The short answer is that properly designed roads, including facilities for all users – motorists, cyclists and pedestrians – do not impede emergency response vehicles or responders’ efforts.
If cycling facilities are designed and implemented in accordance with the Ontario Traffic Manual – Book 18 “Cycling Facilities”, and assuming the rest of the road corridor’s features conform to relevant sections of the rest of the engineering guidelines and standards in the Ontario Traffic Manual books, then the roadway is compliant with emergency response needs. OTM18 can be downloaded from MTO’s website here (30MB).
Key to compliance is preservation of sightlines along the road corridor for those driving emergency response vehicles, and the road space for other vehicles to pull aside to make way for responders.
Laurier Blvd is a two lane road occupying a paved roadbed four lanes wide, currently accommodating two travel lanes and two parking lanes. After the installation of the protected bike lane, there will remain two travel lanes plus a parking lane, per the diagram below.
In event of emergency, motorists in the travel lane beside the flexi-bollards pull to the side against the bollard buffer (not into the bike lane). Motorists in the other lane pull to the side against the curb, between parked cars (if any), which might mean temporarily across one of the many driveways (across which there are never cars parked).
Brockville’s Fire Chief and Deputy Chief have stated they have no concerns with the planned protected bike lane.
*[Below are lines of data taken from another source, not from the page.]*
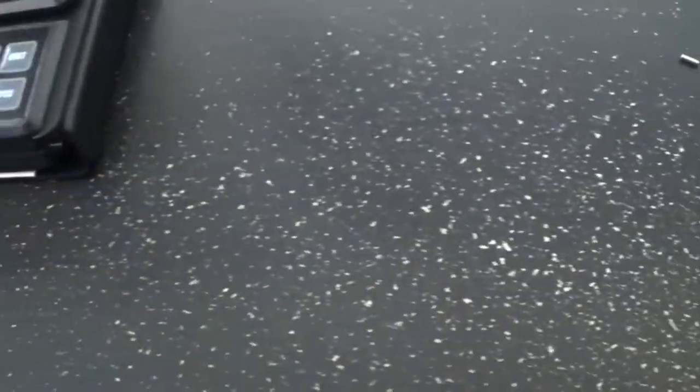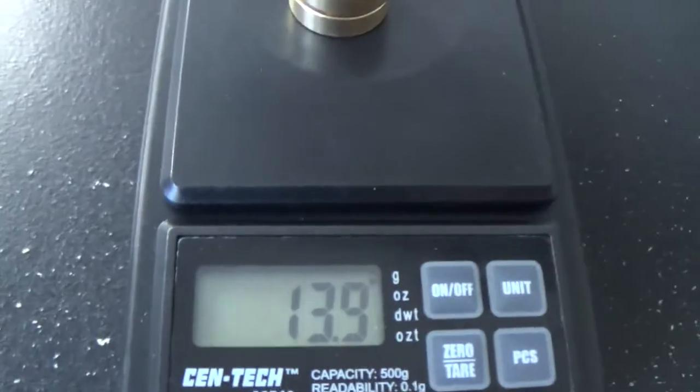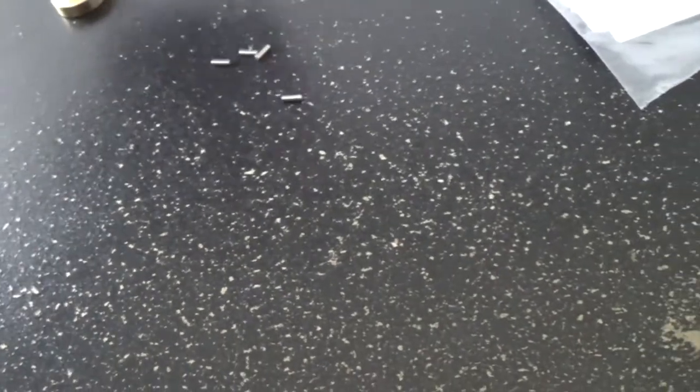Each one of these brass weights comes in at 6.9 grams. Two of them together total 13.9 grams. Now let's grab one of the wheels — one wheel weighs 13.2 grams. One wheel plus one brass weight comes to 20.1 grams, so that's 20.1 grams going on the front of it.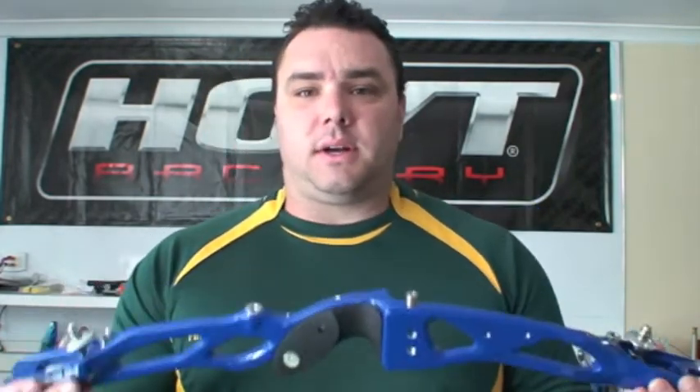When you get a Sebastian Flute Premium riser straight out of the box, it comes with its own plunger and rest. It's a well made riser. It's a 25 inch riser, only available in a 25 inch option.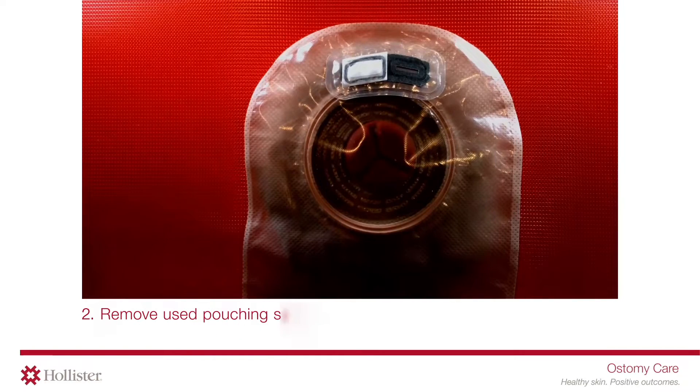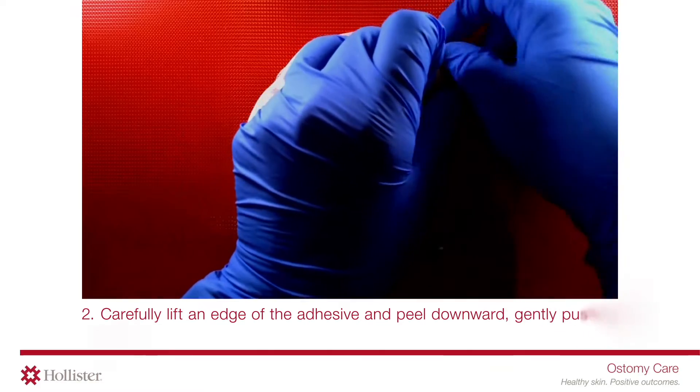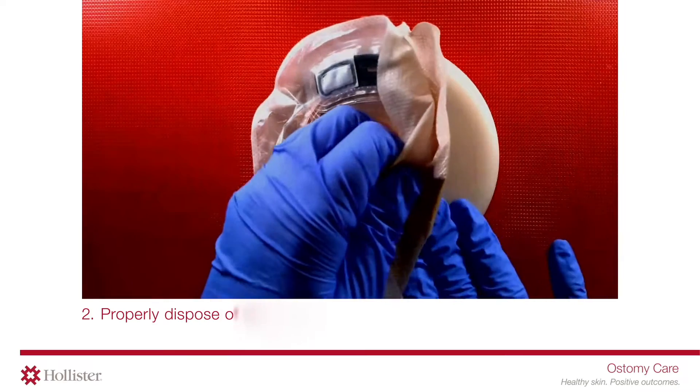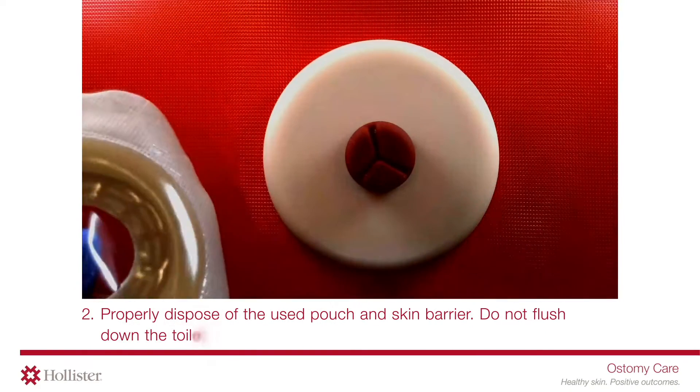Remove the used pouching system. Carefully lift an edge of the adhesive and peel downward, gently pushing the skin away from the skin barrier. Properly dispose of the used pouch and skin barrier. Do not flush down the toilet.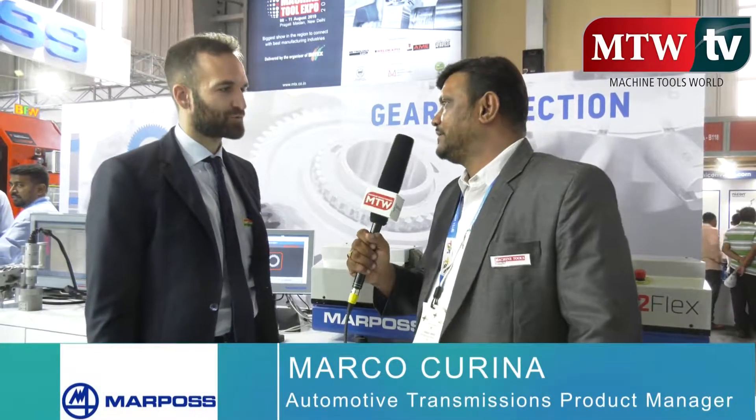Good afternoon. We are at Marpos stall at Imtex and we would be talking with Mr. Marco. Please explain about transmission line products from Marpos.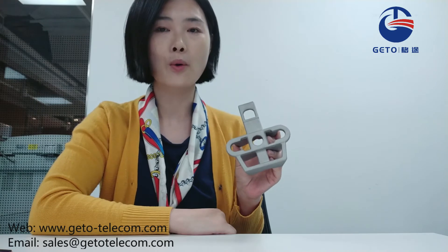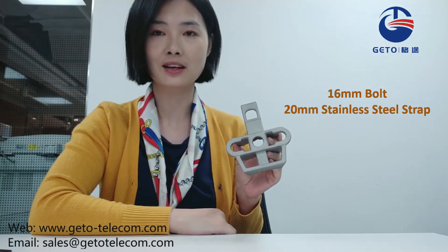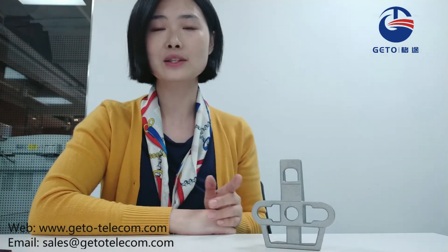It can be secured to a pole by a 6 mm bolt or by a 20 mm stainless steel strap. The breaking load can reach a minimum of 12 kN. The high corrosion resistance performance guarantees long service life and it does not contain parts which can fall off.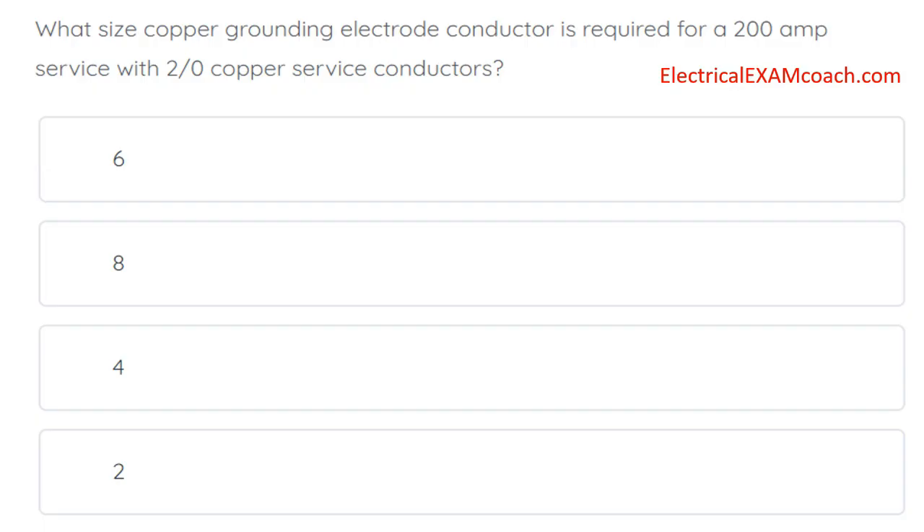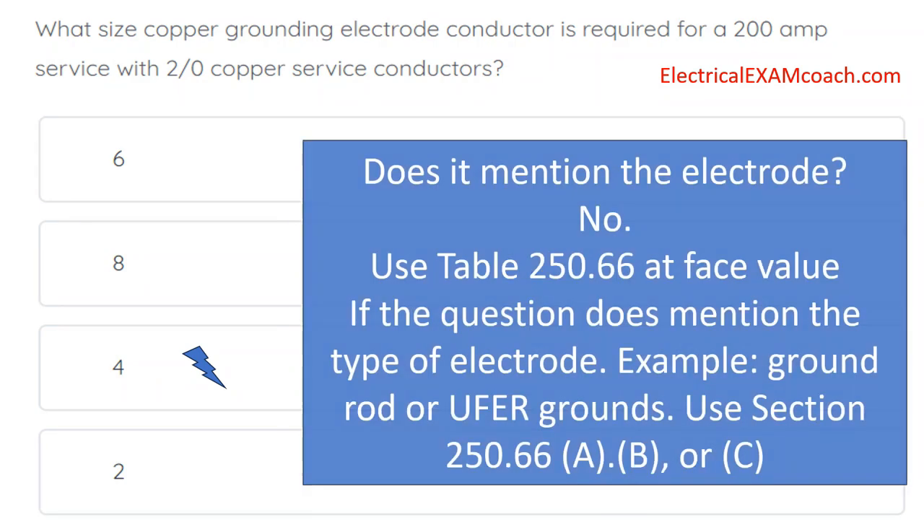What size copper grounding electrode conductor is required for a 200-amp service with 2/0 copper service conductors? The grounding electrode conductor is the wire that goes from the ground rod to the service enclosure. The correct answer is a number four. Anytime an exam question involves grounding electrode conductors, ask: does it mention the type of electrode? If not, default to table 250.66 and use it at face value. If it does mention a specific electrode type such as a ground rod or UFR ground, first check sections 250.66A, B, or C.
If there is an incident on Laurier Blvd – on the road or in one of the residences – emergency responders will occupy or block whatever space they deem appropriate at the time, which includes the bike lane.
Note also that there are many narrow streets, with on-street parking, in many places in Brockville, and the entire city is well served by our first responders. This includes Perth St between Pearl and King, where the downtown fire station is located.